■ Your instructions: Your answer must be the exact lines from the one holding "Тумба под раковину" through the last line of the records below, with no pictures.

Input section start

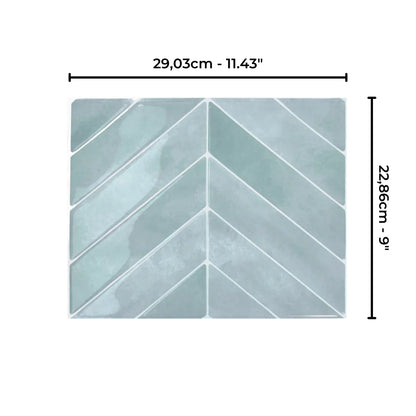 Plaktegels- Terra - Taghazout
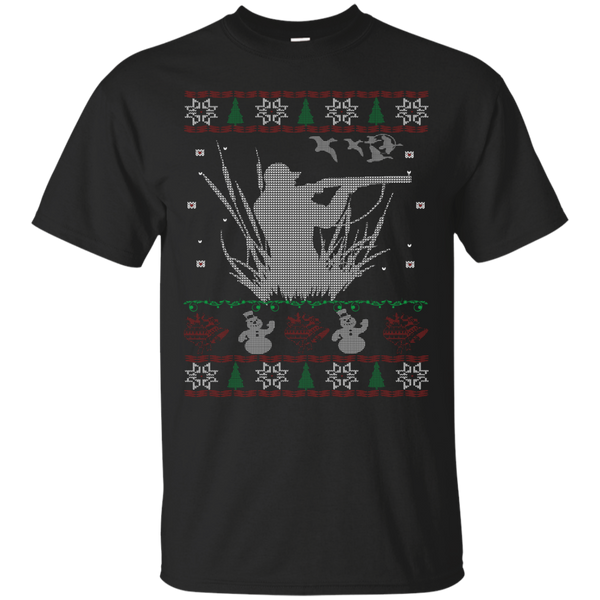 Hunting - Duck Hunting Christmas T Shirt & Hoodie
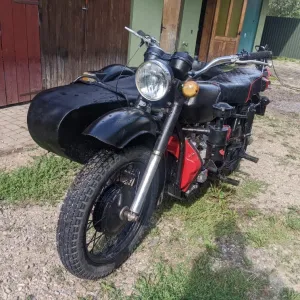 Продам дизельний мотоцикл МТ 11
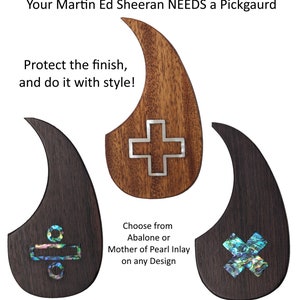 Your Martin LX1 Limited Edition Sheeran Deserves a Pickguard image 2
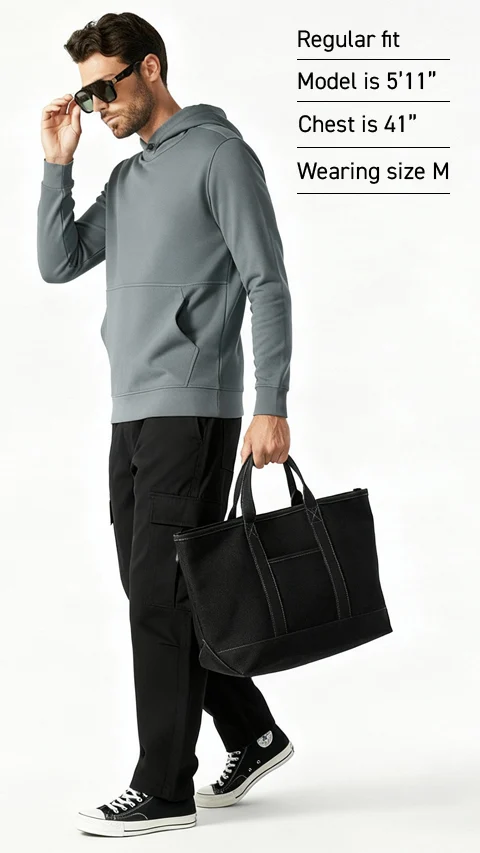 ReNEWd Closed Hoodie City Grey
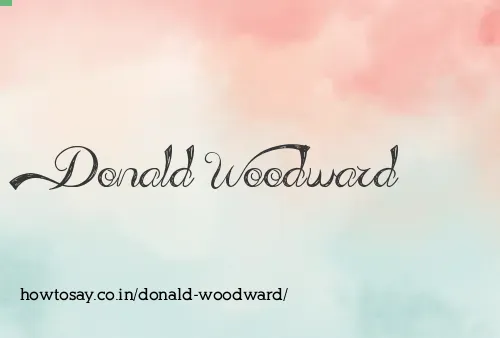 Donald Woodward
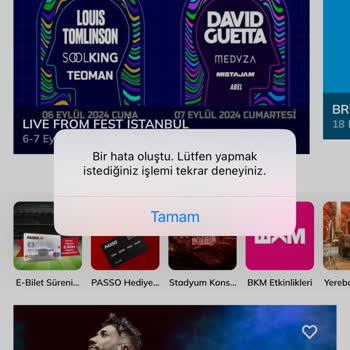 Passolig Bilet Transferi Ve Uygulama Hatası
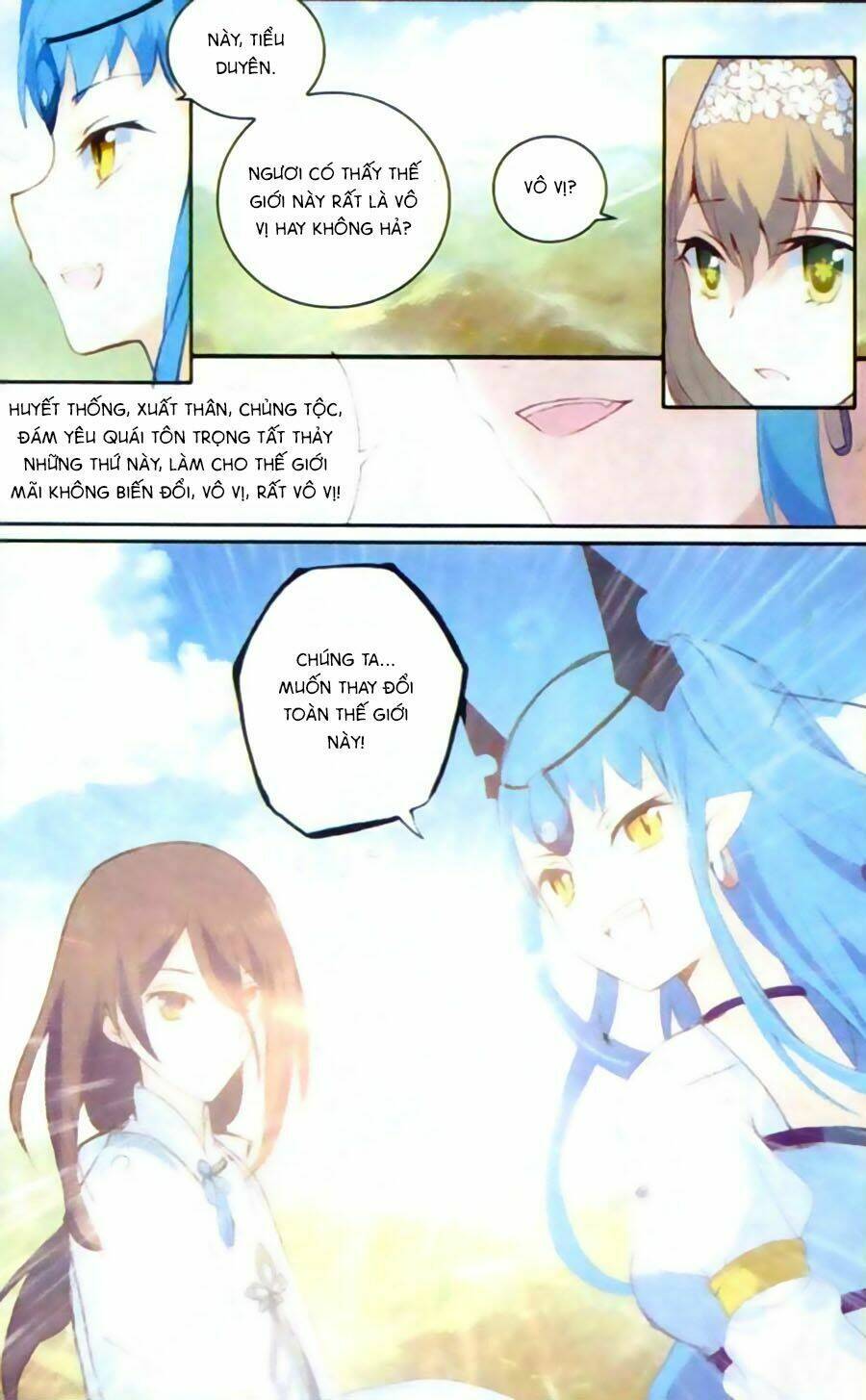 Thiên Hành Thiết Sự: Chapter 55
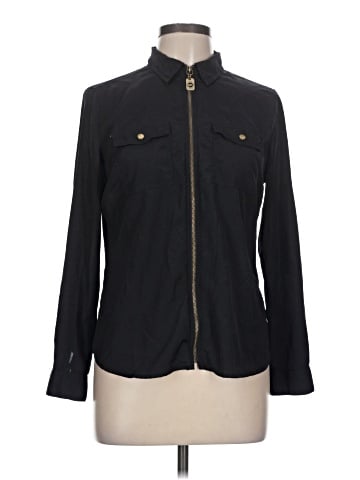 MICHAEL Michael Kors Long Sleeve Blouse (view 1)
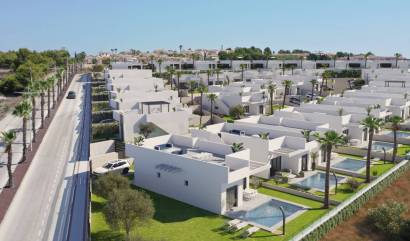 Nieuwbouw projecten - Villa - Algorfa - La Finca Golf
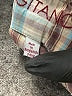 Gitano Plaid Brown Shorts Size 24W - photo 4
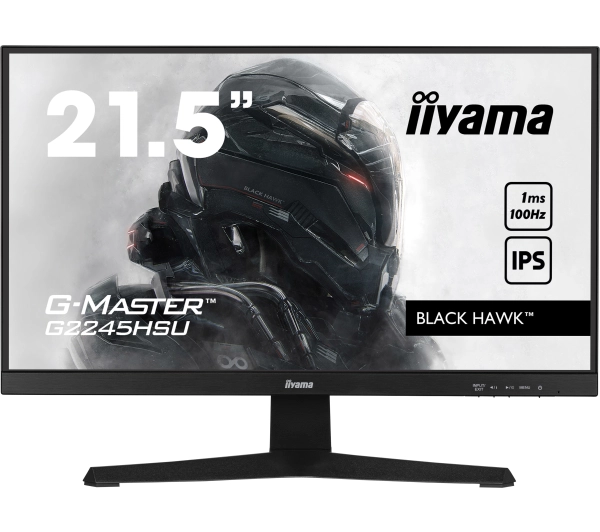 iiyama G-Master G2245HSU-B2 21,5" Full HD 100Hz 1ms MPRT Gamingowy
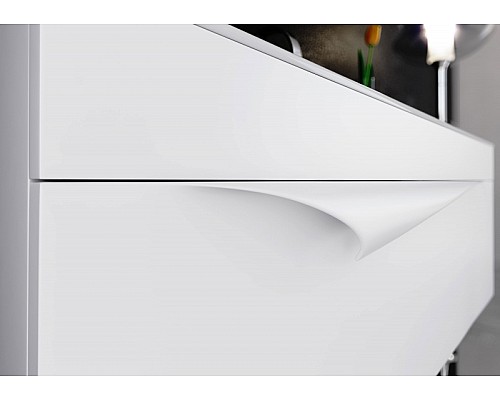 Тумба под раковину Clarberg Papyrus 100 PAP0110 подвесная Белая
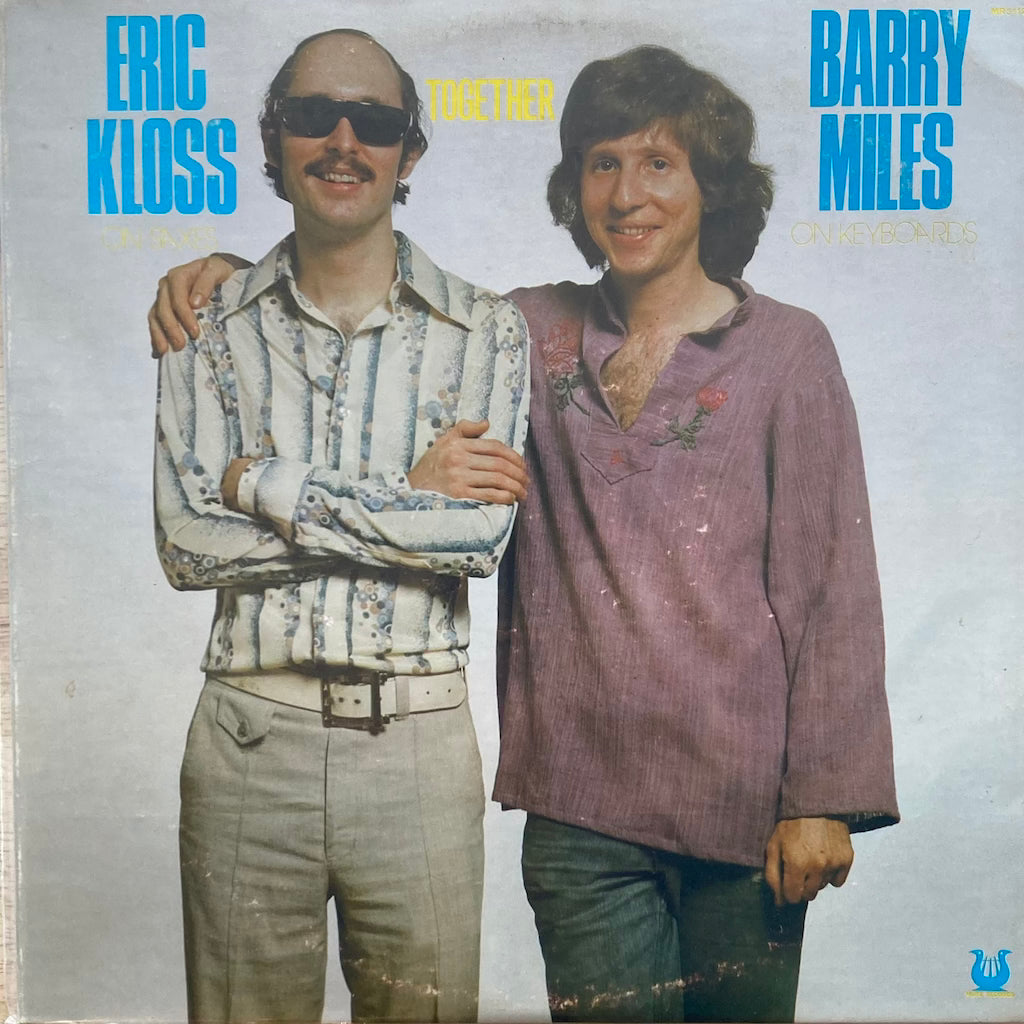 Eric Kloss, Barry Miles - Together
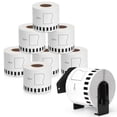 thumbnail image 1 of Cinta para rotular MarkDomain DK-2205, 6,2 cm x 30,5 m, 8 rollos, 1 of 9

Input section end

■ Task result:
 Тумба под раковину Clarberg Papyrus 100 PAP0110 подвесная Белая
 Eric Kloss, Barry Miles - Together
 thumbnail image 1 of Cinta para rotular MarkDomain DK-2205, 6,2 cm x 30,5 m, 8 rollos, 1 of 9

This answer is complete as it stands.